The gains were driven by U.S. power and volatility bets made in futures contracts beyond this winter, many of them with delivery dates as far out as 2023 to 2025, according to co-founder James Shrewsbury. These longer-dated contracts, which are often less liquid and therefore less attractive to some traders, have rallied after back-to-back extreme weather and fuel-supply concerns in Asia, Europe and the U.S. during the past year.
Gas and electricity prices are already elevated for the coming winter across much of the U.S., after languishing for years amid record shale gas production. A combination of stagnant gas supply growth, rising fossil-fuel demand and electric grids increasingly reliant on intermittent renewables is driving prices to unprecedented levels overseas and to multiyear highs in the U.S.
“The real story is long-dated energy has become a problem, meaning we have been lulled to sleep,” Shrewsbury said in a phone interview.
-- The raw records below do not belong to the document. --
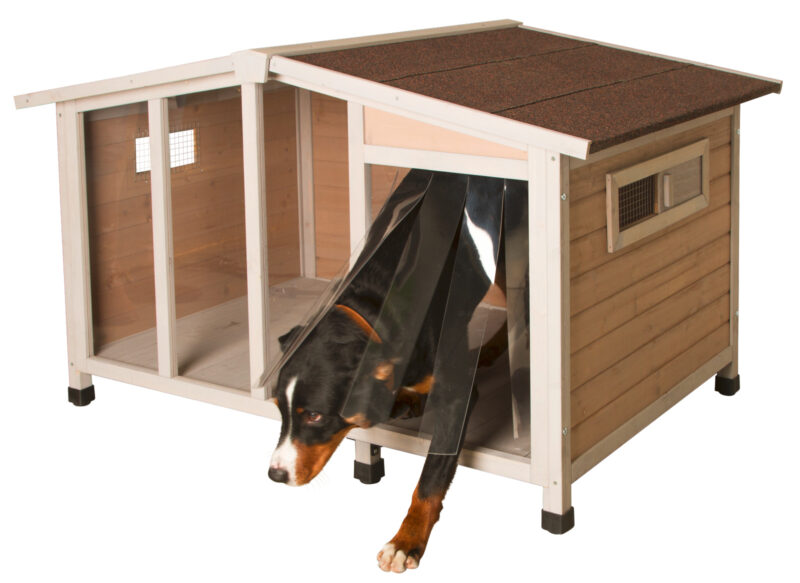 Dog house Overview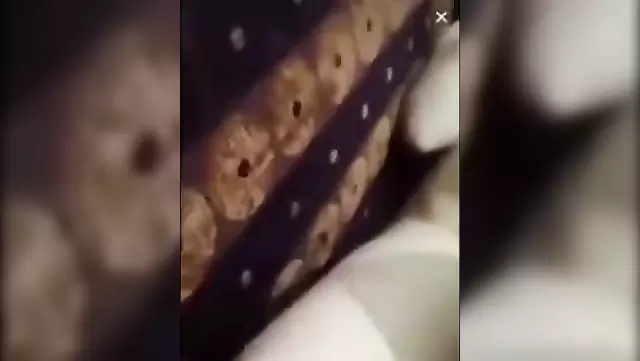 جنس حقيقي مع بنت تركية في أنطاليا
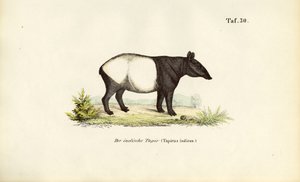 Malaijin tapiiri tekijältä J. W. Tenhaeff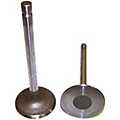 1996 Chevrolet Caprice Intake Valve DNJ 1996 Chevrolet Caprice Intake Valve DNJ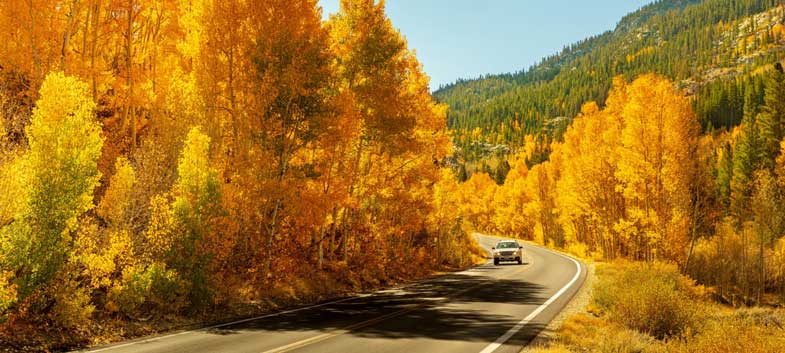 Car driving through the Sierra Nevada Mountains in the fall.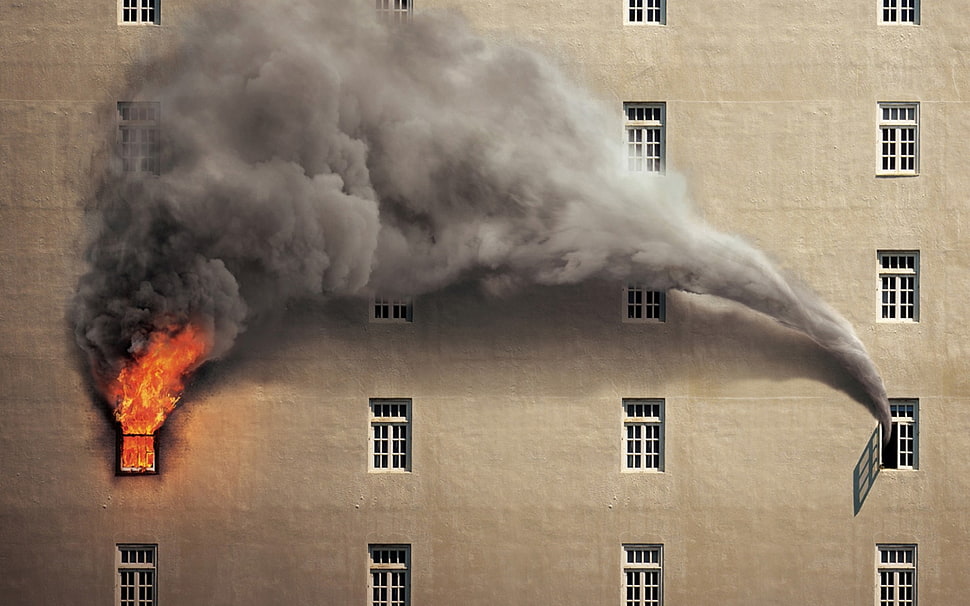 white and black area rug, fire, smoke, building, window HD wallpaper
Manufactures and other industrial users of gas had no incentive to secure supplies under 10- or 20-year contracts because of a very long bear market and reversing that will spur prices to rally even more, he said. “Energy security is no longer guaranteed.”
E360 Power was co-founded in 2009 by Shrewsbury and Juan Penelas, both alums of Griffon Energy Capital LLC and trading operations at utility giant American Electric Power. The firm trades U.S. electricity, primarily on the Eastern grids, as well as U.S. and European gas and carbon credits in both regions.